*** Given data ***

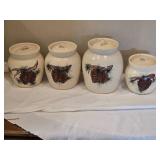 East Texas Pottery Pinecone Ceramic Canisters Ð Set of (4) with Lids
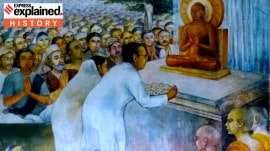 An artistic representation of Dr Ambedkar and his wife, Savita, embracing Buddhism in 1956.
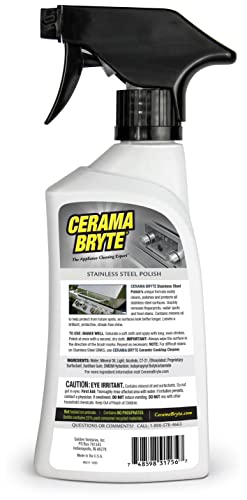 Cerama Bryte Stainless Steel Polish Spray, Streak-Free Shine, Clean and Protect, High Strength Formula. 16 Fl Oz (Pack of 1)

*** End of Given data ***

*Task objective*
Copy the data character for character, but drop all pictures from the copy.

*The answer*
 East Texas Pottery Pinecone Ceramic Canisters Ð Set of (4) with Lids
 An artistic representation of Dr Ambedkar and his wife, Savita, embracing Buddhism in 1956.
 Cerama Bryte Stainless Steel Polish Spray, Streak-Free Shine, Clean and Protect, High Strength Formula. 16 Fl Oz (Pack of 1)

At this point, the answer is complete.